§ RECORDS TO PROCESS:
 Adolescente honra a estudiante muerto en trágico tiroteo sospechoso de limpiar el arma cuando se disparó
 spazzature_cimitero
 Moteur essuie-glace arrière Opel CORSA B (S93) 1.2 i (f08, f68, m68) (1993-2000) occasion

...

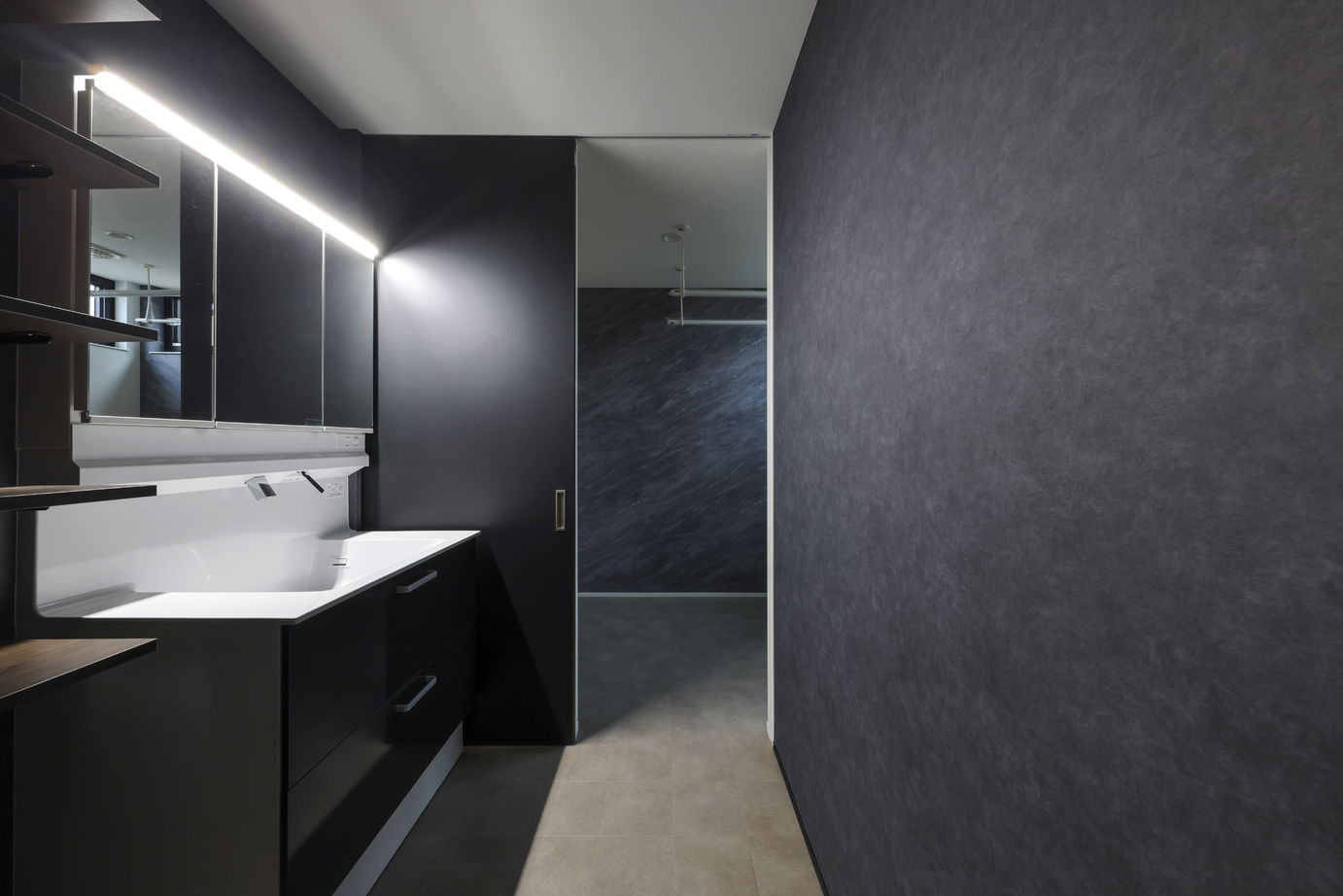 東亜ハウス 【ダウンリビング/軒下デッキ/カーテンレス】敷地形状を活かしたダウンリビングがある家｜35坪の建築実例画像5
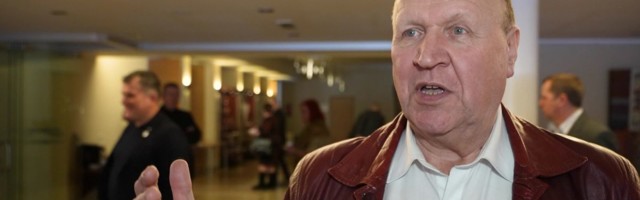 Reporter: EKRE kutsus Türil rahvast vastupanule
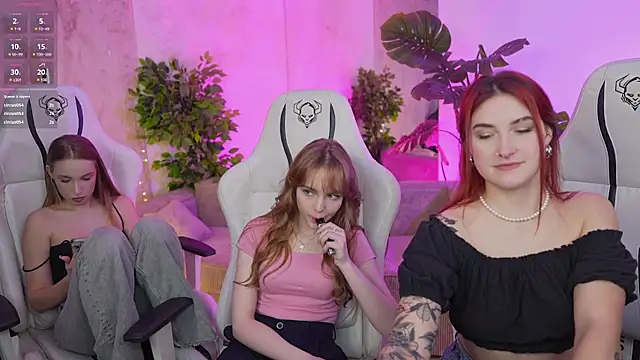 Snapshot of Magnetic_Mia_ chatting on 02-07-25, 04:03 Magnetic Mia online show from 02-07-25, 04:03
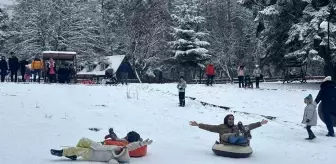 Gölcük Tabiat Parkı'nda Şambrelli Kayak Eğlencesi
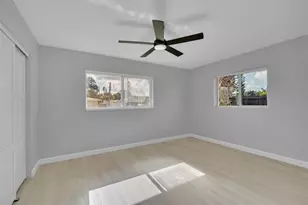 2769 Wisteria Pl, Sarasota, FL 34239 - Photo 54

§ THE PROBLEM:
Out of the records above, set down only the lines from the one that contains "Reporter: EKRE kutsus" through the one that contains "2769 Wisteria Pl, Sarasota, FL", unchanged and without the pictures.

§ OUTPUT BELOW:
 Reporter: EKRE kutsus Türil rahvast vastupanule
 Snapshot of Magnetic_Mia_ chatting on 02-07-25, 04:03 Magnetic Mia online show from 02-07-25, 04:03
 Gölcük Tabiat Parkı'nda Şambrelli Kayak Eğlencesi
 2769 Wisteria Pl, Sarasota, FL 34239 - Photo 54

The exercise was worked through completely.